Berlin. 9/10-Regel: Eine Neuregelung zum 1. August erleichtert Bürgern über 55 die Rückkehr zur gesetzlichen Kasse.

Im Alter steigen die Beiträge für privat Krankenversicherte oft stark an. Dann kann die monatliche Zahlung Männer und Frauen mit geringer Rente überfordern. Doch ein Wechsel in die Gesetzliche Krankenversicherung (GKV) ist nur bis zum 55. Lebensjahr möglich. Ab dem 1. August können einige Rentner oder angehende Ruheständler doch noch auf eine Wechselmöglichkeit hoffen. Dann tritt eine Änderung im Sozialrecht in Kraft.

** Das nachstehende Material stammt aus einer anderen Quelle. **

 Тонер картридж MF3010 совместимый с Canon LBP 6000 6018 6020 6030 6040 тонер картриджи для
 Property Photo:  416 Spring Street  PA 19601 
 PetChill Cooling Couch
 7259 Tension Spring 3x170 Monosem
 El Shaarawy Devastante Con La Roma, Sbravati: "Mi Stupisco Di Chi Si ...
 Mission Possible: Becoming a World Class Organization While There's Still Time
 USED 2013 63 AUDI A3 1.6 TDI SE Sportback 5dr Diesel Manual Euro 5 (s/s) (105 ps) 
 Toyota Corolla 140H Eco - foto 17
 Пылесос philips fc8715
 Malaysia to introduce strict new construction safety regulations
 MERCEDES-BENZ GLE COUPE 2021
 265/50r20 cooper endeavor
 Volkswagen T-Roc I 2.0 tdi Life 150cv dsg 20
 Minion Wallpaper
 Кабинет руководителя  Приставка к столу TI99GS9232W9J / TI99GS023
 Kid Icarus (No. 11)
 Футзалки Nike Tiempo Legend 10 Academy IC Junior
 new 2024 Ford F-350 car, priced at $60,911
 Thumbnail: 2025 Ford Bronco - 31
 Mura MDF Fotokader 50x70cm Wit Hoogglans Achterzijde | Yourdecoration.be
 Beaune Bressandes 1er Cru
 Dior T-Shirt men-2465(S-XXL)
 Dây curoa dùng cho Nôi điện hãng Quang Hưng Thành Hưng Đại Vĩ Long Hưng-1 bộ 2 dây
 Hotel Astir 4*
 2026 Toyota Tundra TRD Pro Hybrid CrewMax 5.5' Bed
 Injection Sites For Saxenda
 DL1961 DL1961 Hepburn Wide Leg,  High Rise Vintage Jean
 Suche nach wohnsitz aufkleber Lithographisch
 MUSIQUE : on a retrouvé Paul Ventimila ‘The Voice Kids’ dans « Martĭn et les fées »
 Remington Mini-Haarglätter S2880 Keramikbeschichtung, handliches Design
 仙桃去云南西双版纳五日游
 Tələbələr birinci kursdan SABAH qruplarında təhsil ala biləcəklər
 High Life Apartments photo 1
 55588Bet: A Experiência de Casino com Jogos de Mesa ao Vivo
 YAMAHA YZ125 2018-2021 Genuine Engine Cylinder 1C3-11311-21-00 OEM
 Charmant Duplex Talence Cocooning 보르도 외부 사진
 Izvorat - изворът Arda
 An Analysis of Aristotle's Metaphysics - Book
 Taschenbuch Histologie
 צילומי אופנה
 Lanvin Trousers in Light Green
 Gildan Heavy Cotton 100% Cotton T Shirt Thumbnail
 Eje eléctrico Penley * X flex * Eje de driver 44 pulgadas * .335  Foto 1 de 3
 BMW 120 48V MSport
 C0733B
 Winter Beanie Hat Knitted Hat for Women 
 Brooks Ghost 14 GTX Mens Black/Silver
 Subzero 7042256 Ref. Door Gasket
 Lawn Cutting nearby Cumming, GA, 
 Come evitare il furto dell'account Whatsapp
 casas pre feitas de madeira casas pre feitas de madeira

Kernstück ist ein neuer Passus in der sogenannten 9/10-Regelung. Danach darf ein Rentner dann in die gesetzliche Krankenversicherung eintreten, wenn er oder sie in der zweiten Hälfte seines Berufslebens zu 90 Prozent der Zeit Mitglied einer Krankenkasse war. Beispiel: Angenommen, das Erwerbsleben dauerte 40 Jahre. Die zweite Hälfte umfasste 20 Jahre. 9/10 davon sind
18 Jahre. Der Arbeitnehmer muss also 18 Jahre in der gesetzlichen Krankenversicherung versichert gewesen sein. Neu ist, dass Kinder bei der erforderlichen Mitgliedszeit recht großzügig berücksichtigt werden.

Für jedes Kind, Stiefkind oder Pflegekind rechnet die Sozialversicherung künftig drei Jahre Mitgliedschaft an. „Das ist eine gute Nachricht für alle Rentner, die bisher viel Geld für ihre Krankenversicherung bezahlen mussten“, sagt die Präsidentin des Bundesverbands der Rentenberater, Marina Herbrich. Denn mit einem Wechsel von der privaten in die gesetzliche Krankenversicherung für Rentner (KVdR) könne viel Geld gespart werden.

Die Neuregelung betrifft Mütter und Väter, denn beide Elternteile erhalten pro Kind drei Jahre gutgeschrieben. In der Beispielrechnung müssten Eltern mit zwei Kindern nur noch zwölf Jahre freiwillig oder verpflichtet Kassenmitglied gewesen sein, um zur gesetzlichen Kasse zu wechseln. Wie viele Rentner die neue Regel nutzen werden, ist nicht bekannt. Entsprechendes Zahlenmaterial liege nicht vor, sagte eine Sprecherin des Spitzenverbands der Kassen.

Die Anrechnung der Kinderzeiten ist großzügig angelegt. Es kommt zum Beispiel nicht darauf an, dass Mütter oder Väter die Kinder selbst betreut haben. Auch wenn das Kind in den ersten drei Jahren nach der Geburt gestorben ist, werden die ganzen drei Jahre angerechnet. Auch dass die Erwerbstätigkeit für die Erziehung unterbrochen oder ein Kind erst nach dem 18. Lebensjahr adoptiert oder in Pflege genommen wurde, spielt keine Rolle.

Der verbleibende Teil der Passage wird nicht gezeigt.